So can obtain two independent ofdm signal m (t) and the n (t) that transmitting terminal sends respectively.

Description of drawings

In order to be illustrated more clearly in technology proposed by the invention, to do to introduce simply to the accompanying drawing of required use in the embodiment of the invention below, obviously, accompanying drawing in describing below only is some embodiments of the present invention, for those of ordinary skills, under the prerequisite of not paying creative work, can also obtain other accompanying drawing according to these accompanying drawings.

Fig. 1 is the multiplexing transmitting terminal schematic diagram of common multicarrier;

Fig. 2 is for adding the multiplexing transmitting terminal schematic diagram of sinusoidal carrier;

Fig. 3 is for adding the multiplexing transmission system schematic diagram of sinusoidal carrier.

Embodiment

Below in conjunction with the accompanying drawing in the embodiment of the invention, the technical scheme in the embodiment of the invention is carried out clear, complete description, obviously, described embodiment also only is a part of embodiment of the present invention, rather than whole embodiment.Based on the embodiment among the present invention, those of ordinary skills belong to the scope of protection of the invention not making the every other embodiment that is obtained under the creative work prerequisite.

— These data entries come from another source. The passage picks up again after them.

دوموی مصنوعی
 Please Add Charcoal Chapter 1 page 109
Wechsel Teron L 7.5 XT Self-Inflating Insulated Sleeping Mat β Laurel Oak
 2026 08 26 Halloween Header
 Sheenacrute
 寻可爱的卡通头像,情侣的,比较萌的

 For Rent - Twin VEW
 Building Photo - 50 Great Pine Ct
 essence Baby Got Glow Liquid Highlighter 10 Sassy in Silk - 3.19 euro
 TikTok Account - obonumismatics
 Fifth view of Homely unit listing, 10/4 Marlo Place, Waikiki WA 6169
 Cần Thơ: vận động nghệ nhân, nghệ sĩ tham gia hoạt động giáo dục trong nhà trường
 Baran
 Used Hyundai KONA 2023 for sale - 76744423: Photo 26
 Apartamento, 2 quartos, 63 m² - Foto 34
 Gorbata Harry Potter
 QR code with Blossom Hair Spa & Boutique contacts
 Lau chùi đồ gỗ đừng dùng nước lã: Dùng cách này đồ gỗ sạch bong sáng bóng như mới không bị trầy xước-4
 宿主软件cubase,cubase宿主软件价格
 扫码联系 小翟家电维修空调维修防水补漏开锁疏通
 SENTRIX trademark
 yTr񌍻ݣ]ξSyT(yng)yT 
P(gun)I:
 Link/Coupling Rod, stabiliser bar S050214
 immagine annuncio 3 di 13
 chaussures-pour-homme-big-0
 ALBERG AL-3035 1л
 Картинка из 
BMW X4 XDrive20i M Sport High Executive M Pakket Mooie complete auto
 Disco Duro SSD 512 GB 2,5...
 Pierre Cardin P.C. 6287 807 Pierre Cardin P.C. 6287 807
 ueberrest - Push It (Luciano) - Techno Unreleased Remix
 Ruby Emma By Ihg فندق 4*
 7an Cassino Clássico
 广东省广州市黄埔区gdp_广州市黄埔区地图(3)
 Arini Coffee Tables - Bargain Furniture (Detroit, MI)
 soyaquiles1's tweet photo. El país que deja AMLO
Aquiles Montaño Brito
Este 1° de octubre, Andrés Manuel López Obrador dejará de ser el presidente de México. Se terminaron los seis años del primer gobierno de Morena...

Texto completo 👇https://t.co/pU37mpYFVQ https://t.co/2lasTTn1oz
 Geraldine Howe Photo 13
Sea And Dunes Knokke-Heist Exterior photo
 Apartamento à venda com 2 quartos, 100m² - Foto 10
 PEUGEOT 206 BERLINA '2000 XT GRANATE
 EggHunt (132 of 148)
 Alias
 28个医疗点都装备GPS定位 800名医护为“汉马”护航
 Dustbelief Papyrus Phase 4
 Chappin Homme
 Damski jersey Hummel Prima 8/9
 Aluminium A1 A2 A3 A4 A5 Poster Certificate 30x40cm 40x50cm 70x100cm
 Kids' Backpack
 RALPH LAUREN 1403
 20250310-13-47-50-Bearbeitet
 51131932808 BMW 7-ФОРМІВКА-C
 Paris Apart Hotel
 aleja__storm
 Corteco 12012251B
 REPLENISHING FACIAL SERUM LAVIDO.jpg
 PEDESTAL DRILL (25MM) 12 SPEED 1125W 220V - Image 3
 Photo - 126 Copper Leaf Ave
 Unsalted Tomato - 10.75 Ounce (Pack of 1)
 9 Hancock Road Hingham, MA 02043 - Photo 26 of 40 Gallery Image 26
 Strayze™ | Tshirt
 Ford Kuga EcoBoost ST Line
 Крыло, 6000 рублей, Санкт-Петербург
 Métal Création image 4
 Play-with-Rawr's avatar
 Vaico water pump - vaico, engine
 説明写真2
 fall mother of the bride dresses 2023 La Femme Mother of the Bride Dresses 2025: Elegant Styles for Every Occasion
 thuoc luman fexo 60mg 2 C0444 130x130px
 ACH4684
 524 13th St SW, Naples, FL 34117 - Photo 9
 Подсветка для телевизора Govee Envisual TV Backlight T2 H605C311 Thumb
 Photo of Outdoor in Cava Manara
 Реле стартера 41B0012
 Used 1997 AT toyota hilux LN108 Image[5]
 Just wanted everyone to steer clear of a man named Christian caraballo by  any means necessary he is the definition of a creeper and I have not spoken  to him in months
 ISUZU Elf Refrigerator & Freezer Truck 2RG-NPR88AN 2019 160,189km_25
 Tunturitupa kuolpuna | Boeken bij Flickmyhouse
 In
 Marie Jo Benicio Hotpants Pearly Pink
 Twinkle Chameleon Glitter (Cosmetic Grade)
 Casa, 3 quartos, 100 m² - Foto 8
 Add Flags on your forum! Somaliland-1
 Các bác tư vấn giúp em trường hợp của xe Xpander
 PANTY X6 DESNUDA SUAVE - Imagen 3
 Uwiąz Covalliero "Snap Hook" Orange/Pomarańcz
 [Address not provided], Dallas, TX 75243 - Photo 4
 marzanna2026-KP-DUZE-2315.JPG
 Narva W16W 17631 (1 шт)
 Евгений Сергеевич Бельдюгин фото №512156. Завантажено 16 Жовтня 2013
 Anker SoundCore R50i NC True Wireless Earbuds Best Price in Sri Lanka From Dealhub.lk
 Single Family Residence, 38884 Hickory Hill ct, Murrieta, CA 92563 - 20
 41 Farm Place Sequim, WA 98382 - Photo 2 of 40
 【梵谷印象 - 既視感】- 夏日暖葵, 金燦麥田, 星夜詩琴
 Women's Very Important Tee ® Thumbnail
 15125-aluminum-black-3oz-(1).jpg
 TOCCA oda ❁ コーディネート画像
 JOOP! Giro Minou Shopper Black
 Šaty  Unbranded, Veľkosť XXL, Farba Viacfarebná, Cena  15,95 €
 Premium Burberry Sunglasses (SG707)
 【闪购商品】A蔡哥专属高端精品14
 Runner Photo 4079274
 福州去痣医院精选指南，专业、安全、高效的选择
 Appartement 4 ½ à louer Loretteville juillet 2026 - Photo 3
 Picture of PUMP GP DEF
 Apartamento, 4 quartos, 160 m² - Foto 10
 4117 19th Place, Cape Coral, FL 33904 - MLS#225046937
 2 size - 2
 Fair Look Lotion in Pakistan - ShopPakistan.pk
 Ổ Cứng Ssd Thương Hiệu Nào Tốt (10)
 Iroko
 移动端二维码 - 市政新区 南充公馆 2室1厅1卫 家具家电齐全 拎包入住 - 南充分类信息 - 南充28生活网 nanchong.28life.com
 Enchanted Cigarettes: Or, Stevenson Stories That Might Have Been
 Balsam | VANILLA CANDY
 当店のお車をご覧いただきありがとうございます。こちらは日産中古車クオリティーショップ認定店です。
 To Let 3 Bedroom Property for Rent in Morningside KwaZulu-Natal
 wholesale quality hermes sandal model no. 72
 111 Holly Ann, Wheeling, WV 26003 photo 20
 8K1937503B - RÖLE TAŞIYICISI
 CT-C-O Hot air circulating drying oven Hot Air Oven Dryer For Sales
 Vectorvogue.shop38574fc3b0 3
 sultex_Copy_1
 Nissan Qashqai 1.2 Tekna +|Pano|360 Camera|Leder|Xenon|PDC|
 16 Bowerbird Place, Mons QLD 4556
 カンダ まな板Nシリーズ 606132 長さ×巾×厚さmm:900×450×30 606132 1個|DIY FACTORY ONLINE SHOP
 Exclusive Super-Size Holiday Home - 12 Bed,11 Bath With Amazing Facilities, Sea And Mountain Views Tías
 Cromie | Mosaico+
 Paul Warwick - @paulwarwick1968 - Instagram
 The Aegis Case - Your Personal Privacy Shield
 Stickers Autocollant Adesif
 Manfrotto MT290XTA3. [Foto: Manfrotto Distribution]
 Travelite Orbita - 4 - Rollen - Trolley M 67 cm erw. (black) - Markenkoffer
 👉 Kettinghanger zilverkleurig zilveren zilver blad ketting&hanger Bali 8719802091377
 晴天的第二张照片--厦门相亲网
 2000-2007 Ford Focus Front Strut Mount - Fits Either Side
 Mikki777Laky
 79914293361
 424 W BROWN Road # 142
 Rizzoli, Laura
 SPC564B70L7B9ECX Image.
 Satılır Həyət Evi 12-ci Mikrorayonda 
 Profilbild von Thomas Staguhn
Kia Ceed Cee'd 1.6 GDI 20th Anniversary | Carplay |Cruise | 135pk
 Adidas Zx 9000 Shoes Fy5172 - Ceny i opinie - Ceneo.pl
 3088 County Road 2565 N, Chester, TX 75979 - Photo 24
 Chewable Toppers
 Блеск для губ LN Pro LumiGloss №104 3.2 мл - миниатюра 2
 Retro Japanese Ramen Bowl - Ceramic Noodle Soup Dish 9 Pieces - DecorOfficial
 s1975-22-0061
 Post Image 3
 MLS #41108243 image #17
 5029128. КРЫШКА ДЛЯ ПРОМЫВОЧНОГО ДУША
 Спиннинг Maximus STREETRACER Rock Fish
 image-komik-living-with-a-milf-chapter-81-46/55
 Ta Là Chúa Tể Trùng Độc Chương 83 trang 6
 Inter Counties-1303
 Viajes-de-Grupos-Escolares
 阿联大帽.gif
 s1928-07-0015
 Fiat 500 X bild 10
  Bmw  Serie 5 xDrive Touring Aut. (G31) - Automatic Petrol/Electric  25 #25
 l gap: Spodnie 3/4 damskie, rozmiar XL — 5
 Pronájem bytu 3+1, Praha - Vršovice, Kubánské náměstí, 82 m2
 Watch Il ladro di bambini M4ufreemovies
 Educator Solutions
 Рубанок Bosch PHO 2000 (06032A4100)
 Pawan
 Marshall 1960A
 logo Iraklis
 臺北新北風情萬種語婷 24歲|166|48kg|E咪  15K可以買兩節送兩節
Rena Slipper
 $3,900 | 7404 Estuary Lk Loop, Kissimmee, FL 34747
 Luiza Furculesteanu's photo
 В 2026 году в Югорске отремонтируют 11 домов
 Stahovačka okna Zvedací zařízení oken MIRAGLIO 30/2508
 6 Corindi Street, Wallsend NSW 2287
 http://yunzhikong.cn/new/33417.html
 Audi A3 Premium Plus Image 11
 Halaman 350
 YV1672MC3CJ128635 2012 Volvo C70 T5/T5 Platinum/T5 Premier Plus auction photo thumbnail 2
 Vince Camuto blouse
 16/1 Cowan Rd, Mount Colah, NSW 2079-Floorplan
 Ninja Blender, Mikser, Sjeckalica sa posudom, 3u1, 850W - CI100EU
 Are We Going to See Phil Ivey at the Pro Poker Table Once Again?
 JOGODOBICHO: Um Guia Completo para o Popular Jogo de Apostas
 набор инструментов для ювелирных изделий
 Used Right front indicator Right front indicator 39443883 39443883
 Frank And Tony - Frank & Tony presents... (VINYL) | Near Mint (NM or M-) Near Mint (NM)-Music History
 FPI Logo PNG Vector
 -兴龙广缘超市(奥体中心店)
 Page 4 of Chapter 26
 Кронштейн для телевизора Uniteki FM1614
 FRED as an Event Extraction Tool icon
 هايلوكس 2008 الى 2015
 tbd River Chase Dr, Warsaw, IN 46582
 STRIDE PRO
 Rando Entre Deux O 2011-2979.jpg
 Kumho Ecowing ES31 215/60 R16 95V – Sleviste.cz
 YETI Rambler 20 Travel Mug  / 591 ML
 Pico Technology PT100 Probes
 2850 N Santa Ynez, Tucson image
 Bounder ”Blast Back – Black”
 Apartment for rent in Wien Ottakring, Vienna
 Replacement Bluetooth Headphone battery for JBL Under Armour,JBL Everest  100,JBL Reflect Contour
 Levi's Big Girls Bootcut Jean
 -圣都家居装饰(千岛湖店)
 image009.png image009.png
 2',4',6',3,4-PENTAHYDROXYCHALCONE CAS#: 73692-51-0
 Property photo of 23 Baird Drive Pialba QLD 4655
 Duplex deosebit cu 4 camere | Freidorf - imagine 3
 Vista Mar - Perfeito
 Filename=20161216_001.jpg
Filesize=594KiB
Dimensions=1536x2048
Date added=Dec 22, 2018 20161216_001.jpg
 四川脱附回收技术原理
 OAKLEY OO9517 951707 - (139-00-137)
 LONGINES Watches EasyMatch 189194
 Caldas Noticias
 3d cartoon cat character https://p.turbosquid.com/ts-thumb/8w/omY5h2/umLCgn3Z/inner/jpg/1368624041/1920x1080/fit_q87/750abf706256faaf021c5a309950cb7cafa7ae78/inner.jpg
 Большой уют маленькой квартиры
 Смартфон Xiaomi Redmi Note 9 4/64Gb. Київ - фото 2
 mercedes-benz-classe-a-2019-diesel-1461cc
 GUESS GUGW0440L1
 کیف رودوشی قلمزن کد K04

Be the complete diagram of multimode optical fiber communication system as shown in Figure 3, this system has been divided into three parts, is respectively: transmitting terminal 315, optical transmission part 316 and receiving terminal 317.In transmitting terminal 315,301,302 and 303 represent the three paths of independent baseband OFDM signal of telecommunication respectively, and 304 expression frequencies are f _cThe cosine carrier modulator, 305 the expression frequencies be f _c, the sinusoidal carrier modulator that the phase phasic difference is 90 °, the electric territory of 306 expressions coupler, 307 expression intensity modulated lasers.301 nonpassage of signal are crossed any modulator and are modulated, 302 signals are through 304 cosine carrier modulators modulate, 303 signals are through 305 sinusoidal carrier modulators modulate, and 306 electric territory couplers are coupled above-mentioned three tunnel signals through ovennodulation, form total transmission signal of telecommunication.Send the signal of telecommunication and be modulated onto the light territory through 307 intensity modulated lasers.

At optical transmission part 316,308 expression multimode fibers.Transmitting terminal 315 output light signals transmit in 308 multimode fibers.

At receiving terminal 317,309 expression PD diodes, 312,313 and 314 all represent low pass filter, and 310 expression frequencies are f _cThe cosine carrier demodulator, 311 the expression frequencies be f _c, the sinusoidal carrier demodulator that the phase phasic difference is 90 °.Light signal forms and receives the signal of telecommunication through the direct detection of PD diode 309.Receive the signal of telecommunication and be divided into three the tunnel, the first via is reduced into former first via ofdm signal through low pass filter 312.The second the tunnel through after 310 demodulation of cosine carrier demodulator, is reduced into former the second road ofdm signal through low pass filter 313 again.After 311 demodulation of Third Road process sinusoidal carrier demodulator, be reduced into former Third Road ofdm signal through low pass filter 314 again.

By formula (1) to the derivation of formula (8) as can be seen, under the situation of newly-increased one road sinusoidal carrier modulation, receiving terminal still can correctly restore the original sender signal.This has proved the feasibility of the method, promptly by introducing identical with former cosine carrier frequency at transmitting terminal, the sinusoidal carrier that the phase phasic difference is 90 °, with one road ofdm signal be tuned to the same radio frequency of cosine carrier on, the multiplexing same frequency domain of two paths of signals, the availability of frequency spectrum is increased, thereby improved the multimode optical fiber communication system transmission capacity.This multimode optical fiber communication system to the short haul connection net has unusual meaning.

More than be to adopt a kind of special case of the present invention, i.e. the detailed introduction of newly-increased one road sinusoidal carrier modulation in a high-frequency band pass scope, the explanation of this enforcement just are used for helping to understand method of the present invention and core concept thereof; Simultaneously, for one of ordinary skill in the art, according to thought of the present invention, the part that all can change in specific embodiments and applications, in sum, this description should not be construed as limitation of the present invention.The various conspicuous change of under the situation of spirit that does not deviate from the method for the invention and claim scope it being carried out is all within protection scope of the present invention.

Claims (8)

1. one kind is applied to the scheme that multimode optical fiber communication system is improved its transmission capacity, it is characterized in that, described method may further comprise the steps:

(1) at the communication system transmitting terminal, the two independent ofdm signal is modulated to same frequency range by the cosine carrier and the sinusoidal carrier of same frequency respectively;

(2) at receiving terminal of communication system, the signal of telecommunication that is directly detected by PD pipe is respectively by the cosine carrier and the sinusoidal carrier demodulation of same frequency.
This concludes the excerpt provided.